# Paying Dik maintenance fees.



## moni (Mar 13, 2006)

I am going to apologize upfront because I am sure this question has already been asked and answered.  (It has been months since I have logged in.) However I can't find a thread that addresses what I need to know.  I would really appreciate it if someone could help me out.  

Last year I paid my MF via email.  I had a contact person that I went through and the transaction went fairly smoothly.  I have received 2 statements from Dik that I don't understand at all. I also received an email regarding my statement.  I tried to email back and it didn't go through.  I have also tried to email my contact person including all the other past contact persons and none of the emails went through.

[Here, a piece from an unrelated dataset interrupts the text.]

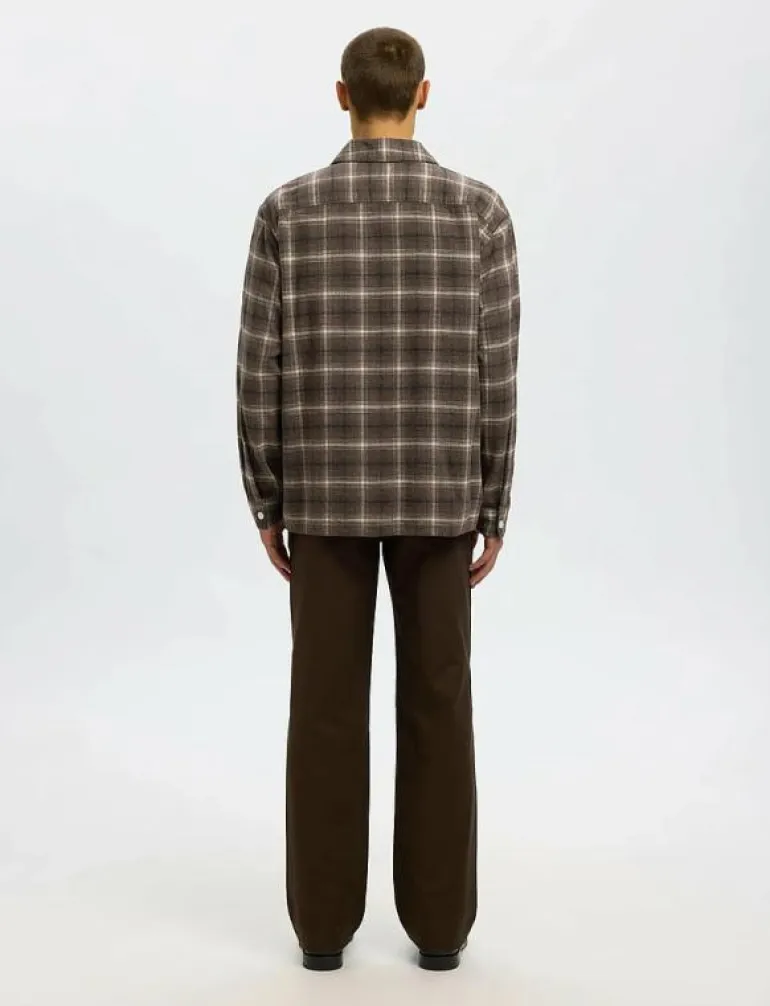 SLHRLXEDWIN CHECK LIGHT OVERSHIRT - Rutiga skjortor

How do I pay my maintenance fees this year?  Is there a new payment method that I don't know about?


----------



## JackieD (Mar 13, 2006)

I was having the same problem with all my past contact emails not going through.  Per this board, I emailed Judy, from the 'Financial Department' and she emailed the next day with the form to fill out and email back to her.   Here's her address:  judy@dikhololo.co.za


----------



## moni (Mar 15, 2006)

*Many thanks.*

Thanks for the info..  I appreciate it!


----------



## TAG (Mar 22, 2006)

*trouble with DIK web site*

I emailed Judy to see why, after a month, my credit card hasn't been charged for 07 maintenance fees.  She said they were having trouble with the web site and emailed me a form to fill out and email back.  -TAG


----------